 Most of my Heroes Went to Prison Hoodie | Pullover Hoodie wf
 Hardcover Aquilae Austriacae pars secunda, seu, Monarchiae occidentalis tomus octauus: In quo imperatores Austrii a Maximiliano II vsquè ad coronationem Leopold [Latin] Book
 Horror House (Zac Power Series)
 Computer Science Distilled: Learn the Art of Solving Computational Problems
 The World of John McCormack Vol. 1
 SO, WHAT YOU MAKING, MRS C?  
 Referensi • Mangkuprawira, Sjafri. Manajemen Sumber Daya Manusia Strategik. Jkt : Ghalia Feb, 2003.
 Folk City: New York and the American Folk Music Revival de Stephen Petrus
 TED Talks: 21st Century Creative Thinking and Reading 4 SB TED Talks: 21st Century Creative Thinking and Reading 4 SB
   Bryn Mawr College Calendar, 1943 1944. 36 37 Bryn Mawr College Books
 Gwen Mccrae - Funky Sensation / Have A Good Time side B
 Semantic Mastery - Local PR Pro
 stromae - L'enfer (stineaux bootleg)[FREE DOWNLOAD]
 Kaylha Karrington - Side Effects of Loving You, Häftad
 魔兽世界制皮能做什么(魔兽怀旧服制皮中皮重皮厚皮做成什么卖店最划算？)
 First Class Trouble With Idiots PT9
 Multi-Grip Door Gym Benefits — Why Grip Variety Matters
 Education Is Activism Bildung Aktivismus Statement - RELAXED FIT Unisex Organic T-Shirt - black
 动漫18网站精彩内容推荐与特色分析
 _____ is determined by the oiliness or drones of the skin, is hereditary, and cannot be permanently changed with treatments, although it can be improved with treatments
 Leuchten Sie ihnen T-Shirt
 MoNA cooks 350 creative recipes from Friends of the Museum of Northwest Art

**WORK INSTRUCTIONS:** Going through the listing above, copy out every line that has the string "Shirt".

**FINISHED EXERCISE:**
 Education Is Activism Bildung Aktivismus Statement - RELAXED FIT Unisex Organic T-Shirt - black
 Leuchten Sie ihnen T-Shirt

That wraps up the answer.